Down in this basement are the boxes of Xmas stuff and out-of-season sporting gear and empty suitcases and dusty exercise equipment and boxes of books and boxes of CDs that were stored in the basement of our Seattle house. I had forgotten the maggots, and headed back up the stairs to turn the AC back on and wait for the oven to beep, but there was a chair down there and the sight of it stopped me on the stairs. The chair in the basement is dark, and wood, and used to have a woven cane back. It came from my mother’s house, when she died and we split up her things and took them to our homes, my brothers and stepfather and I. The chair in the basement had been in my middle child’s room in Seattle and certainly spent more time having things like shiny capes for dress-ups and sand-filled dragons from the Pike Place Market and sparkle gel pens without their caps and empty salt-water taffy wrappers piled on it than it did having a kid sit quietly in it and do homework. The chair in the basement’s legs are strong and intact, but its back is now broken. The chair was broken in the move.
Broken in the move
I set its value at like $200, and made a claim to the company that provided the insurance for our move. I do not recall if they paid for it in full. Since the chair sits idly in the basement it’s obvious I don’t need the chair. The chair would not be mine if my mother were not dead. The chair would not be broken if we had not moved. The chair could probably be fixed, but certainly would cost more to fix than it was worth. It needs to stay in the basement, out of everyday view. It’s mildly upsetting to see it. I neither want to fix it nor throw it away. Chairs like this are why we need basements.

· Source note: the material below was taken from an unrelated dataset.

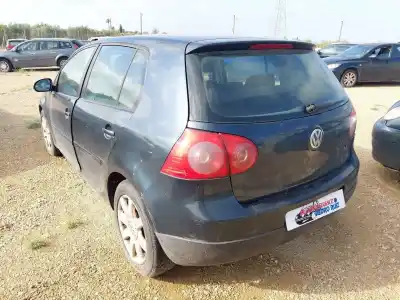 Veículo de Sucata volkswagen golf v (1k1) 1.9 tdi do ano 2004 alimentado bkc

Later, it became the hottest day of summer so far. I stepped outside and the heat hit me from all sides, stronger than normal, wetter than expected. It was the kind of roasting heat that seems impossible, unreal, temporary, like how hot it is when you first get in a car that’s been parked in the sun, only more damp. It was heat that seemed manipulated for optimal cooking conditions, so the bread will achieve a perfect crust. It was applied heat, not of us but on us. It was heat less like what happened in today’s weather and more like the arrival of a temporary, oppressive condition, but something that was being done to us, by a large, powerful, unnatural force, so great that it could obliterate me and the porch and the kitchen and the house with the swipe of a big, impatient hand, ready to throw us away and start over.

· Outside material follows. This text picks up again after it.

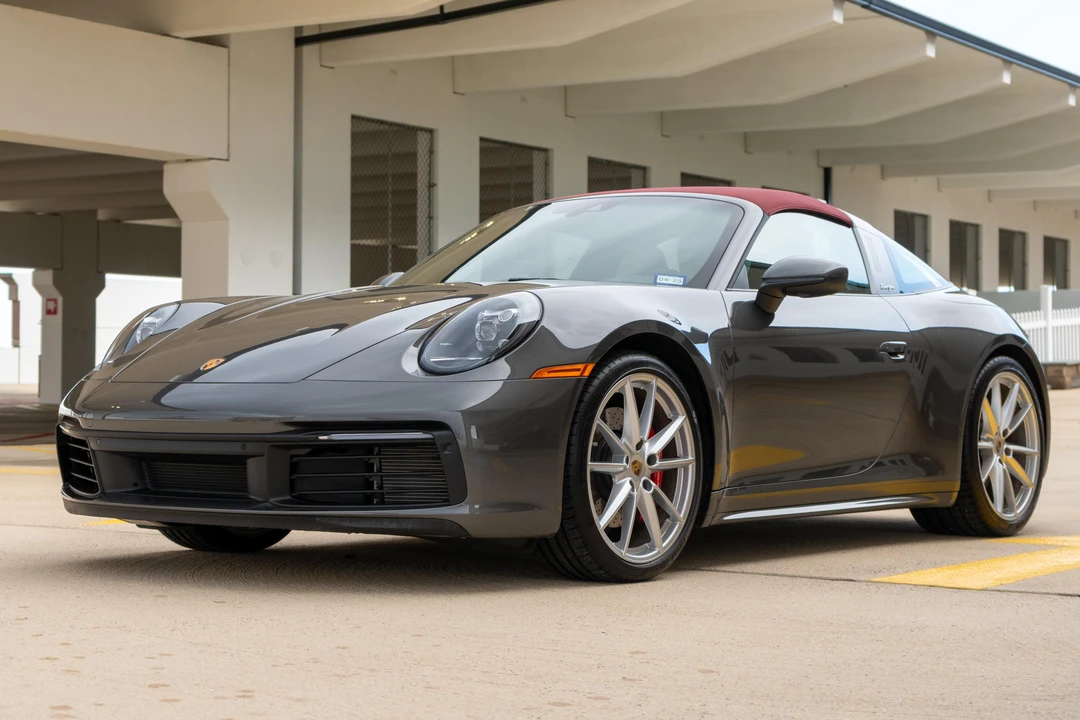 2023 Porsche 992 Targa 4 & 4S - Image 13 of 31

I stood on the porch marveling at the heat. When was the rain going to come? I could see no clouds at all from where I stood. The day before, we had been threatened by thunder all afternoon, but when it came down to it all the rain we got amounted to a few, brief, noisy, celebrated drops--drops that I found disappointing in their small number.

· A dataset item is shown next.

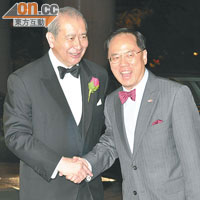 李國寶（左）曾兩次擔任貪曾的競選辦公室主任，與貪曾關係密切。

And then I heard the slightest “pip!” and the layer of sky above me up to the height of the roof and a bit beyond was alive with birds, mostly swallows, their unusual tail points briefly visible as they darted and rose through the air. It was a number of birds more than I could count, and though I couldn’t even see what they were eating, they must have been eating a lot of it. Then they all rested for a few seconds on the roof, and went at it again.

I went inside.

On the shady side of the house the roof was liberally peppered with resting swallows and the old dog Cherry stood at the bank of windows up at the top of stairs, her tags jingling with excitement, her ears pricked, her tip-toed stance lively and shifting with the slightest movement of the birds outside. There were so many of them, blue with rust-colored chests, and those funny little u-shaped tails, with two points. They seemed to do a lot of resting, and then a lot of flying about, diving and dashing into the air. Cherry whined just a bit, under her breath, like she was whispering a secret to me, knowing as a good hunting dog does that being quiet would prolong her delight in watching. Schwartz joined her, his uncanny cat sense telling him when there’s something good to do. But he hung back, having been scolded all summer by the loud squeaks of titmice. He had learned to stay where he could see and watch but not alarm the performers.